The chirpy swimmer said: "I don't worry so much because if I do, it's just wasteful because I am focusing on something that I cannot control.
"Why not just control things that I can and just live every day to the fullest? If I worry about tomorrow, I might not do as well as I can today.
"I might not be as productive because I'll think I should save a bit more energy for tomorrow.
"As athletes, we really need to put in our best every day and to live our lives to the fullest."
I don’t know if I want to go for Tokyo as of now, but I know I want to swim competitively for a couple more years, and we will see how things are.
— Yip Pin Xiu
Call goes out for more funds for para athletes
Singapore National Paralympic Council (SNPC) chairman Teo-Koh Sock Miang yesterday encouraged private corporations to support the funding of para-athletes and para-sports.
She spoke on the sidelines of the media conference with Singapore Paralympic stars Yip Pin Xiu and Theresa Goh, after SNPC's honorary treasurer Ho Cheng Kwee revealed that the Tote Board once again played a vital role for the 2016 Rio Games.
"The Tote board are the major contributors but, for this round, they are the only contributors (until now). They don't have to be," said Ho.
Swimmers Yip and Goh have been feted after their exploits at the 2016 Paralympic Games, which ended in Rio on Sunday.
Yip won two gold medals and Goh made a breakthrough with her first medal when she finished third in the 100m breaststroke SB4.
In a bid to attract more support, Teo-Koh said: "Corporations need to step up to the plate and not say, 'everything is the government'.
"My take to (these corporations) is: what is your role in all of this?

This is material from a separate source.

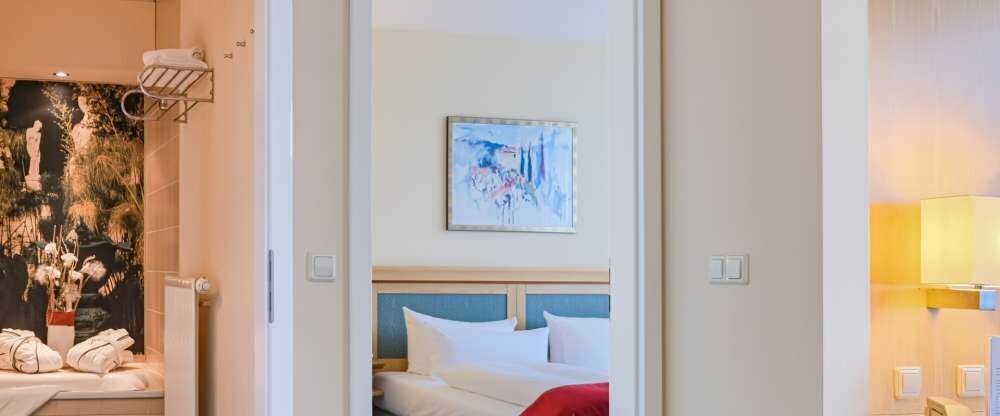  38 m² Wohnfläche, zur Hofseite gelegen, separates Wohn- und Schlafzimmer, helles Badezimmer mit Badewanne, Fön, Kosmetikspiegel, voll ausgestattete Küche mit Esstresen, teilweise mit Terrassenzugang (gegen Gebühr), Einzel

Don't always point your finger at someone else."
There has been an ongoing debate in the country over monetary rewards for Paralympians medallists and Olympic winners.
Ho, though, believes that funding for the development of para-sports was even more crucial compared to prize money.
"More important (than the prize money) is really the funding for the development of sports, para-sports in Singapore," said Ho.
"That's the key because, without that funding and the development programmes that Singapore Disabled Sports Council runs, we're not going to find these 13 athletes."
As for Singapore's two Paralympic stars, the prize money they will get will be a bonus.
Singapore Olympic gold-medallist Joseph Schooling was awarded $1 million for his triumph in Rio, while a Paralympic gold medal will get $200,000.
"(The money) is not something that we swim for. Honestly, if it were, I would have quit a long time ago," said Goh.
"It is something like a bonus. If it comes to us, it comes to us. But in the end, it's because of the joy and the satisfaction we get after our achievements."